__Dataset content__.
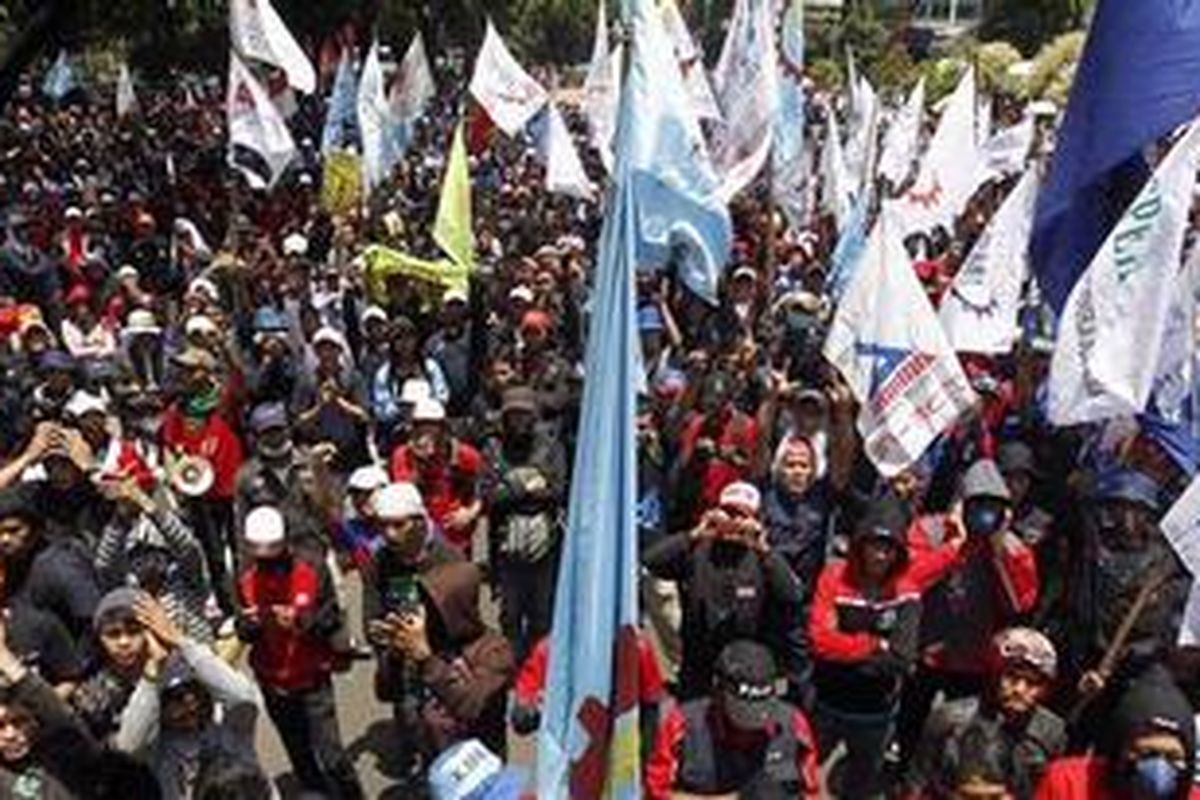Ribuan buruh yang tergabung dalam Sekretariat Bersama Buruh, berjalan menuju Istana Merdeka, Jakarta, Rabu (21/3/2012). Aksi ribuan buruh ini merupakan aksi untuk menolak rencana pemerintah untuk menaikkan harga Bahan Bakar Minyak per 1 April 2012. 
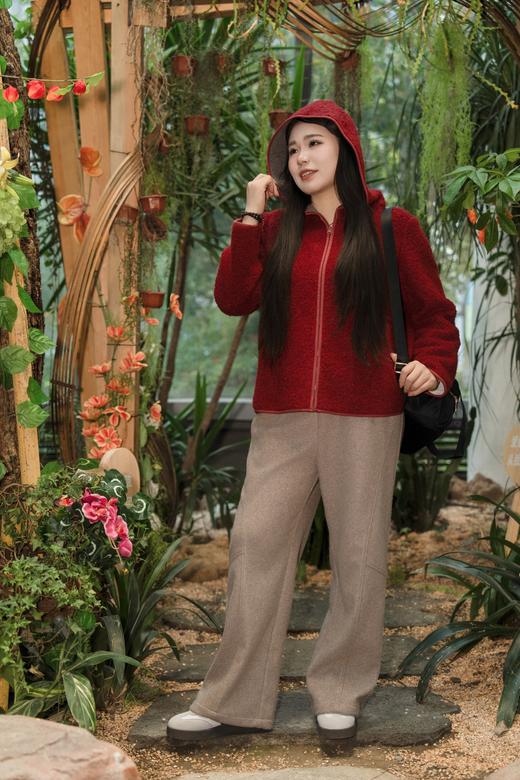 现货！24小时发货！【羊毛混纺直筒裤】松紧腰，宽松阔腿休闲裤，版型立挺显瘦，耐磨好穿不变形，浅卡其色百搭不挑人，成分：3.4%羊毛 70%聚酯纤维 15.7%再生纤维素纤维 5.8%腈纶 5.1%锦纶 商品图3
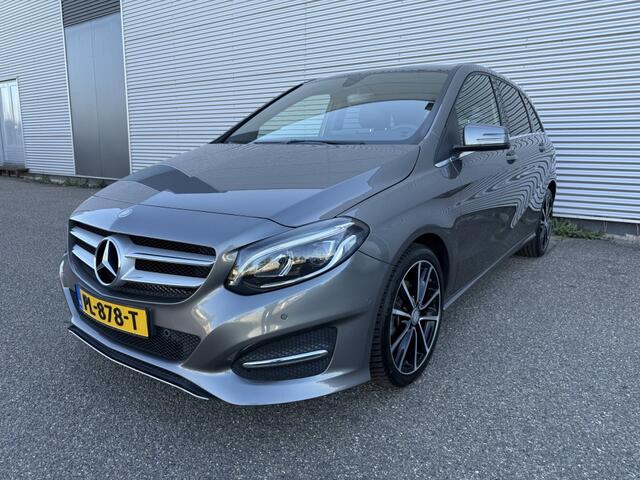 Mercedes-Benz B-KLASSE 180 Lease Ed. NAP Facelift Leer Trekhaak AMG PDC 18" Carplay Key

__Problem to work on__. Would you repeat the complete listing exactly, excluding each picture it holds?

__Your response__.
Ribuan buruh yang tergabung dalam Sekretariat Bersama Buruh, berjalan menuju Istana Merdeka, Jakarta, Rabu (21/3/2012). Aksi ribuan buruh ini merupakan aksi untuk menolak rencana pemerintah untuk menaikkan harga Bahan Bakar Minyak per 1 April 2012. 
 现货！24小时发货！【羊毛混纺直筒裤】松紧腰，宽松阔腿休闲裤，版型立挺显瘦，耐磨好穿不变形，浅卡其色百搭不挑人，成分：3.4%羊毛 70%聚酯纤维 15.7%再生纤维素纤维 5.8%腈纶 5.1%锦纶 商品图3
 Mercedes-Benz B-KLASSE 180 Lease Ed. NAP Facelift Leer Trekhaak AMG PDC 18" Carplay Key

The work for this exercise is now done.